L’engagement en 2009, par le gouvernement de l’époque, du « Grenelle de la Mer » lui donne l’occasion de conforter ses liens avec France Nature Environnement, en s’impliquant dans son réseau thématique national « Océans, mers et littoraux ». Elle suit notamment les travaux du Conseil maritime de façade Nord-Atlantique-Manche Ouest, dans la perspective de l’élaboration du document stratégique découlant de la directive-cadre « Stratégie pour le Milieu Marin » de l’Union Européenne.

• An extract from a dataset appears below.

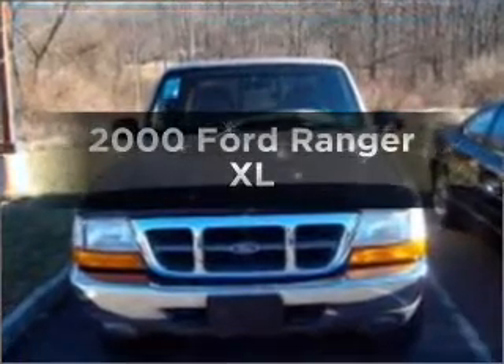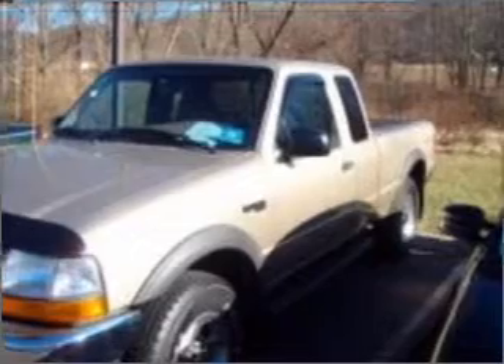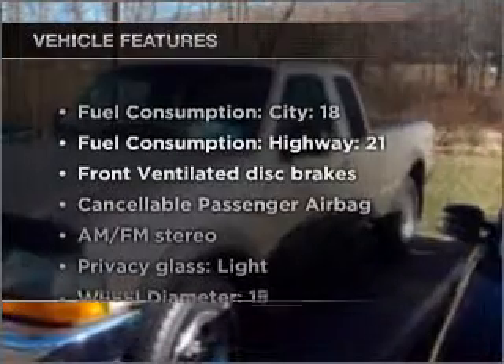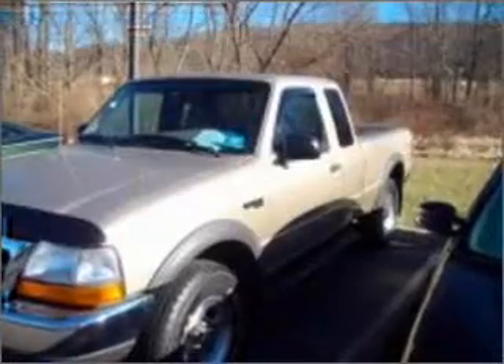Everything you need under one roof with this great vehicle. With a solid six cylinder engine that responds smoothly to its automatic transmission. Plus enjoy these notable features that are included in this vehicle: power steering and AM FM stereo.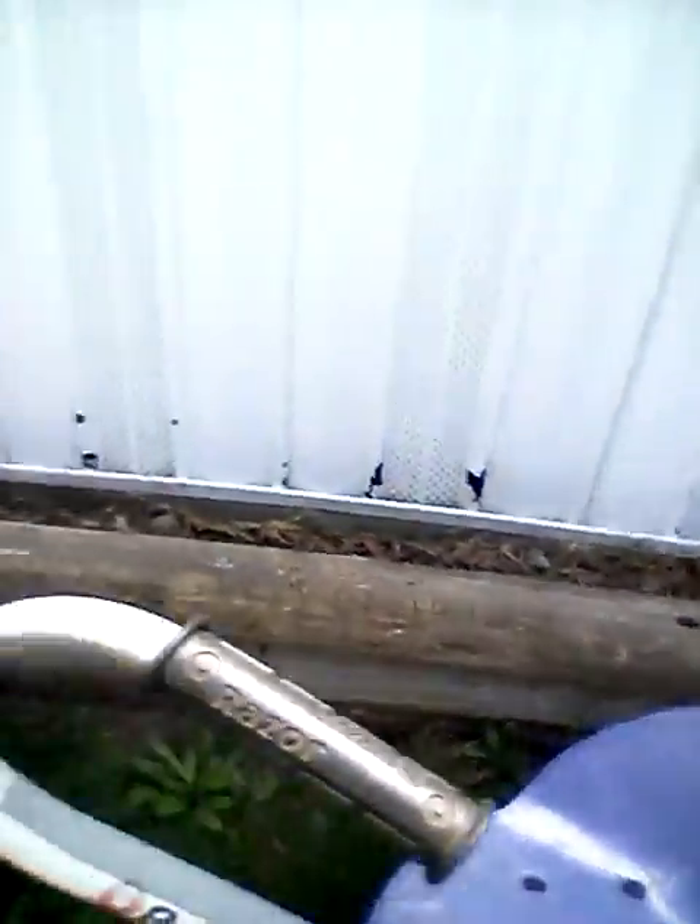This is where we keep the bikes. It's locked right now, so we can't show you what the bikes look like, but it's where we keep the bikes. Here's one of my bikes. My bike is in the shed but it's locked so we can't get it out right now. And here's my brother's bike. And there's someone else's bike — Jenny's bike — and my papa's bike.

S’impliquant également dans la création du Parc naturel marin de l’estuaire de la Gironde et de la mer des pertuis, elle intègre son conseil de gestion en 2015.
Dans toutes les instances où elle siège, ses interventions, minutieusement préparées, suscitent une écoute attentive. Face à des contradicteurs pas toujours de bonne foi, elle recourt à l’humour, toujours exprimé avec finesse, souvent aussi avec mordant, et fait mouche.
Dans sa longue vie militante, Anne-Marie Grimaud n’a jamais cédé devant les difficultés, n’a jamais transigé avec les valeurs humanistes qui l’animaient. La rupture avec l’ADEV, consommée en 2006 en raison de dérives éthiques qu’elle ne pouvait pas supporter, l’amena à créer une Coordination des associations environnementales du littoral vendéen (Coorlit 85), qui ne tarda pas à trouver toute sa légitimité. Elle contribua encore très activement à la constitution d’une nouvelle structure départementale : ce fut Vendée Nature Environnement, en 2010, devenue France Nature Environnement Vendée en 2019 en absorbant Coorlit 85.
Consciente de la nécessité de transmettre la mémoire vive d’un demi-siècle d’expérience et d’actions au service de l’intérêt général, Anne-Marie Grimaud s’était rapprochée de l’Association pour l’histoire de la protection de la nature et de l’environnement (AHPNE) et elle s’attachait à rassembler la matière d’une publication à venir. La maladie, malheureusement, ne lui aura pas permis de voir aboutir ce dernier projet.
Ses amis rendent aujourd’hui hommage à une grande dame de la protection de la nature et de l’environnement. Ils associent à son souvenir celui de son mari François Grimaud (1928-2019), qui par sa générosité et sa patience leur fut tout au long de ce parcours un appui non moins précieux.